(Aim of the exercise) All of the data below should be printed again word for word, pictures excluded.

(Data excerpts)

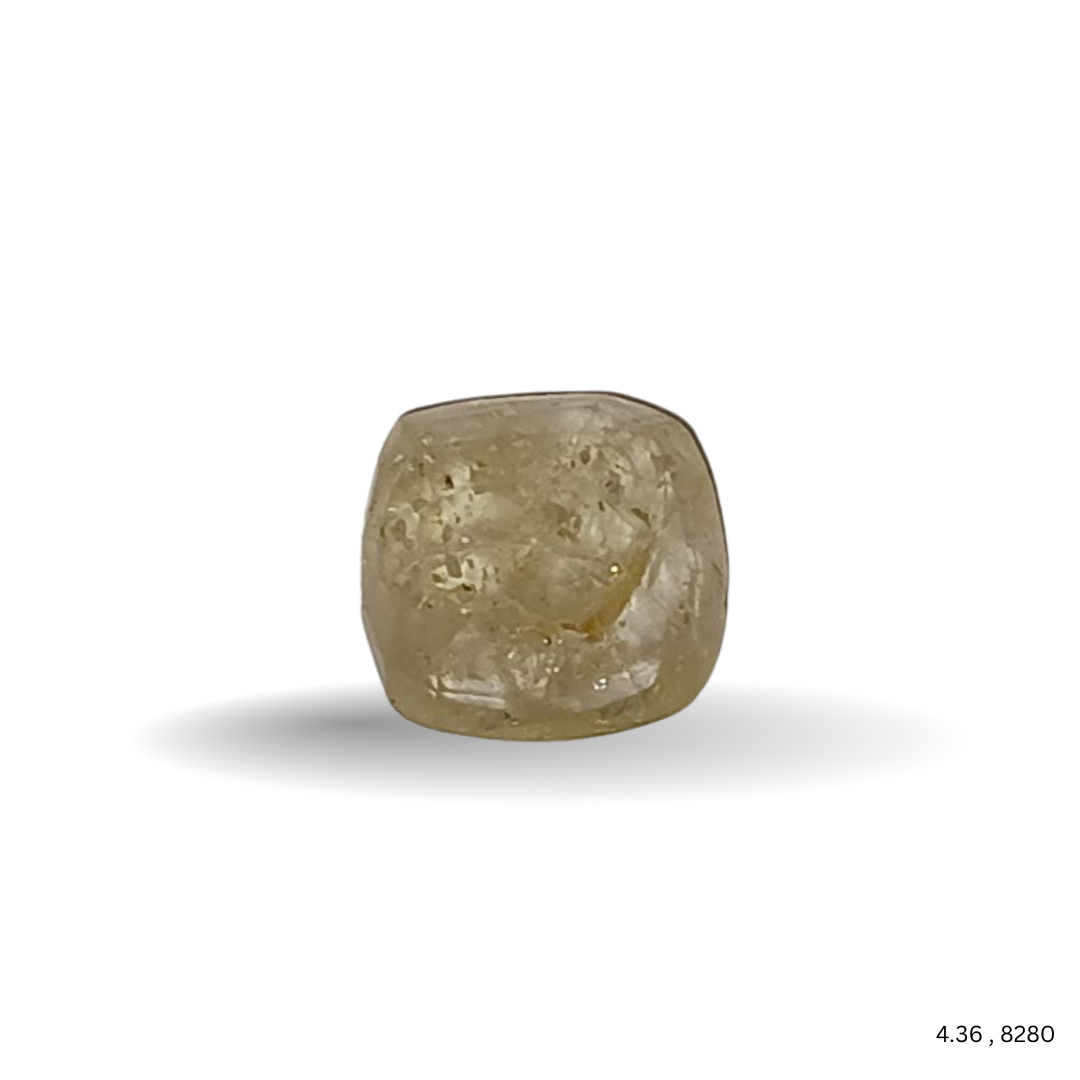 4.36 CARAT PUKHRAJ (GRADE A)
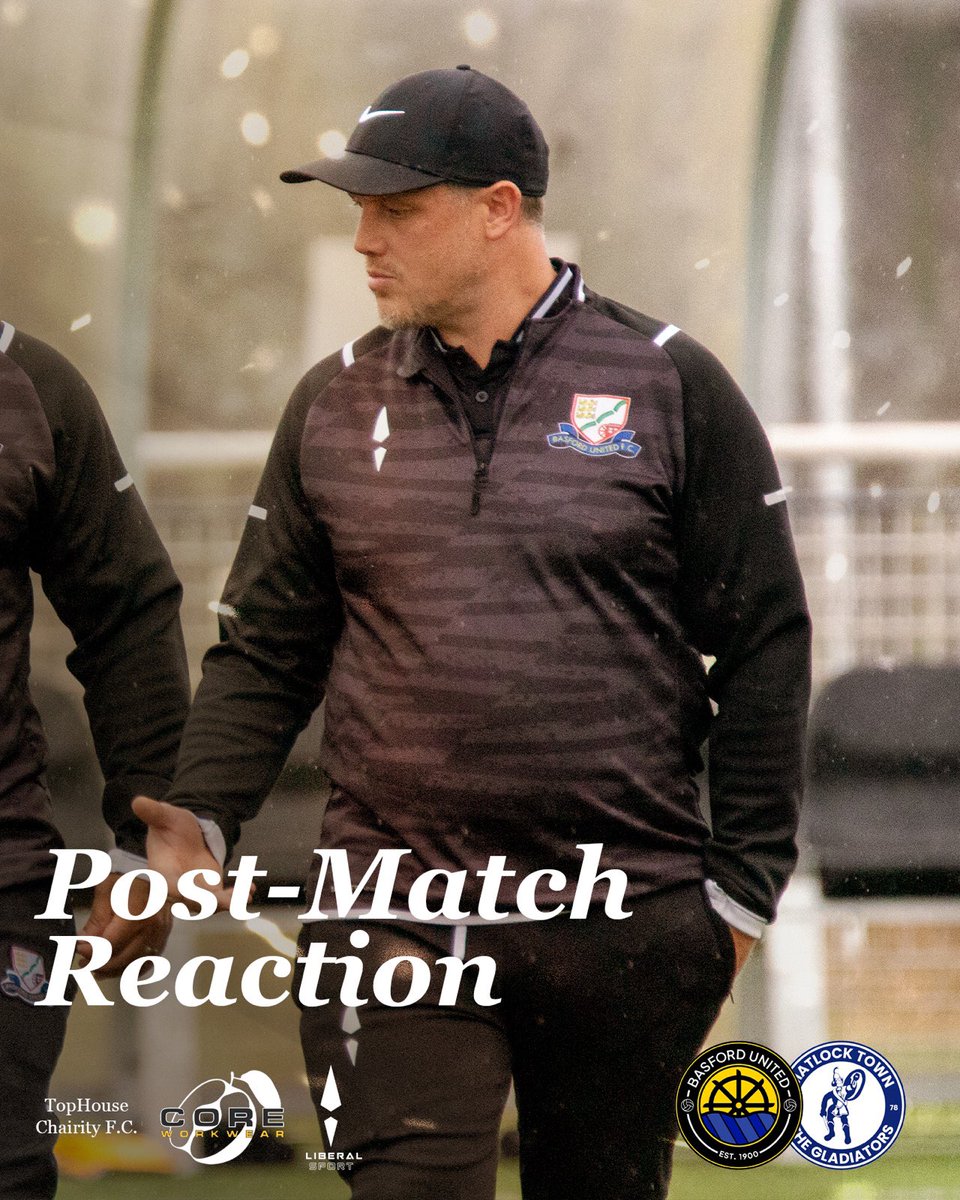 🎙️We caught up with First Team Coach Spencer Commons following today’s win against Matlock Town ⤵️

🔗 youtu.be/Z4uTNHgYvWA?si…

#𝐂𝐎𝐘𝐀 || #𝐔𝐓𝐀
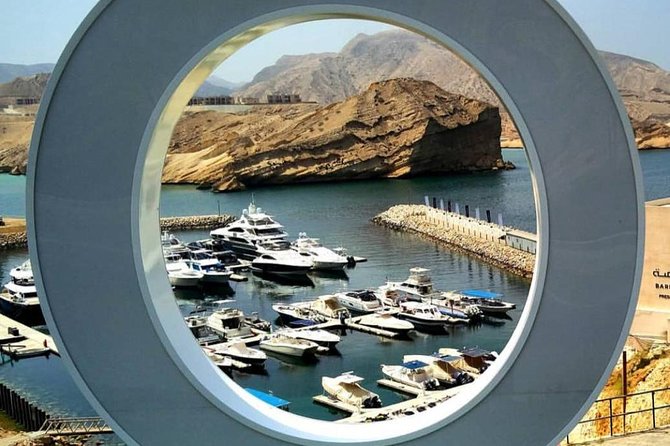 Muscat City Tour (Price per Vehicle) - Tour Duration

(Answer section)
 4.36 CARAT PUKHRAJ (GRADE A)
 🎙️We caught up with First Team Coach Spencer Commons following today’s win against Matlock Town ⤵️

🔗 youtu.be/Z4uTNHgYvWA?si…

#𝐂𝐎𝐘𝐀 || #𝐔𝐓𝐀
 Muscat City Tour (Price per Vehicle) - Tour Duration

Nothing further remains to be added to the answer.